3.3. The Frequency of Perinatal, Neonatal and Infant-Related Risk Factors Depending on CP Type

The prevalence of perinatal, neonatal, and infant-related risk factors in various types of CP is shown in Table 3.

Mean birth weight differed significantly between CP types (p < 0.001, p = 0.012, and p = 0.003, respectively). The lowest mean birth weight was observed in diplegic children while the highest was observed in hemiplegic children.

Among the peri- and postnatal risk factors, only the mode of delivery did not differentiate between particular forms of CP. On the other hand, birth weight, Apgar score at 1st and 5th minute after birth, the prevalence of neonatal seizures, respiratory failure, intraventricular bleeding, and infections in the neonatal and infant period were significantly different for particular types of CP.

In diplegia, very low and low birth weight prevailed, and in hemiplegia: birth weight 2500–4000 g.
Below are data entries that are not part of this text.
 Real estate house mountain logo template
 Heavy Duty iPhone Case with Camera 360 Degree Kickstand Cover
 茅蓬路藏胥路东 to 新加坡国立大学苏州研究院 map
The severe condition (an Apgar score of 0–3) at 1st minute prevailed in children with the extrapyramidal form and tetraplegia; the medium condition (an Apgar score of 4–7) in diplegia, and the good condition (an Apgar score of 8–10) in hemiplegia.
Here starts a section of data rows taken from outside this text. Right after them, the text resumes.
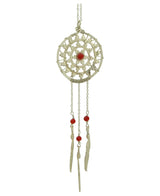 Sterling Dream Catcher Necklace With Gemstones, USA 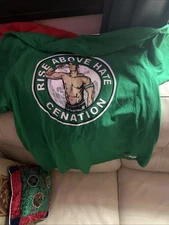 John Cena Cenation WWE Rise Above Hate Never Give Up green men's shirt Size XL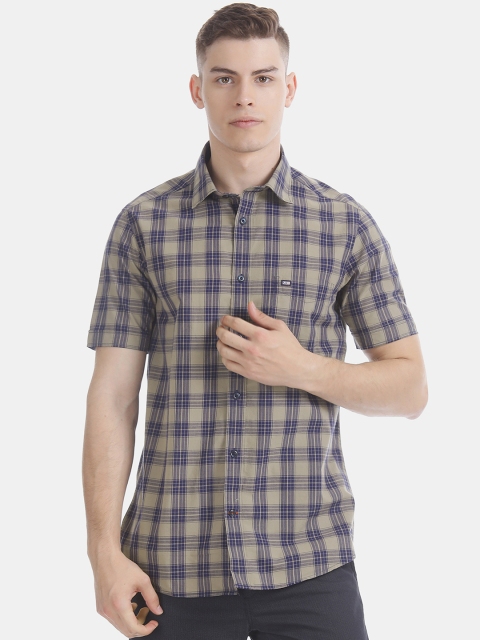Arrow Sport Men Beige & Blue Slim Fit Checked Casual Shirt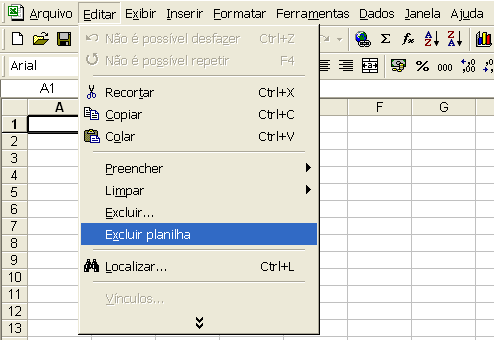 INSERINDO NOVA PLANILHA NA PASTA DE TRABALHO: Menu INSERIR / PLANILHA. A planilha será inserida á esquerda da PLAN que estiver ativa.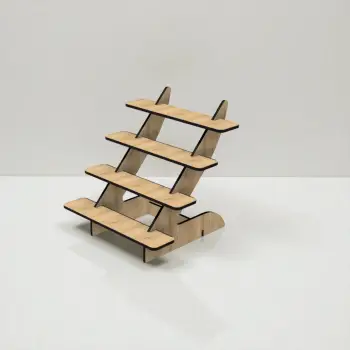 Giga-Step 4 Katlı Ahşap MDF Teşhir Standı (Büyük Boy)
At 5th minute after birth, the severe condition was most observed in the case of patients with the mixed form; the medium condition in patients with diplegia, tetraplegia, and the extrapyramidal form, and the good condition in patients with hemiplegia and the ataxic form.

Figure 1 demonstrates the frequency of neonatal convulsions, respiratory failure, intraventricular bleeding, and infections in the neonatal period in various types of CP.

Neonatal convulsions and infections occurred most frequently in tetraplegia and in the mixed type, while respiratory failure and intraventricular bleeding occurred most frequently in diplegia and tetraplegia.

In the multivariate polynomial logistic regression model, we modeled a probability of prevalence of one of the CP types versus the reference CP type. A reference CP type was joined extrapyramidal and ataxic CP. From the predictors significant in univariate analyses, Apgar score at 5th minute was not taken into account since data were missing in almost 28% of patients, as well as being positively correlated with Apgar score at 1st minute (r = 0.918, p < 0.001). From predictors significant in the univariate analysis, i.e., birth weight, duration of pregnancy, Apgar score at 1st minute, premature contractions, respiratory failure, infections, intraventricular bleeding, and neonatal convulsions, the independent predictor for tetraplegic CP type was only intraventricular bleeding (OR = 2.801, p = 0.028). The risk of tetraplegia was almost 3-fold higher than the risk of reference CP type when intraventricular bleeding occurred.

4. Discussion

Many publications are devoted to the assessment of risk factors for cerebral palsy, but most cohort studies analyze the CP risk in general terms, depending on the selected factor/factors [2,3,4,5,12,31,32,36,37,38,39].

In the present study, no significant statistical differences were found between the various types of CP in terms of: mother’s age, mother’s systemic diseases, burdened obstetric history, family history of epilepsy, the order of pregnancy, multiple pregnancy, as well as the course of pregnancy (except for premature contractions), whereas the duration of pregnancy and the presence of premature contractions differed between the CP types from one another.

However, significant differences were found among the perinatal, neonatal, and infant-related risk factors with regard to: birth weight, Apgar scores at the first and the fifth minute, the prevalence of neonatal convulsions, respiratory failure, intraventricular bleedings, and infections in the neonatal period. The mode of delivery did not differentiate between particular forms of CP.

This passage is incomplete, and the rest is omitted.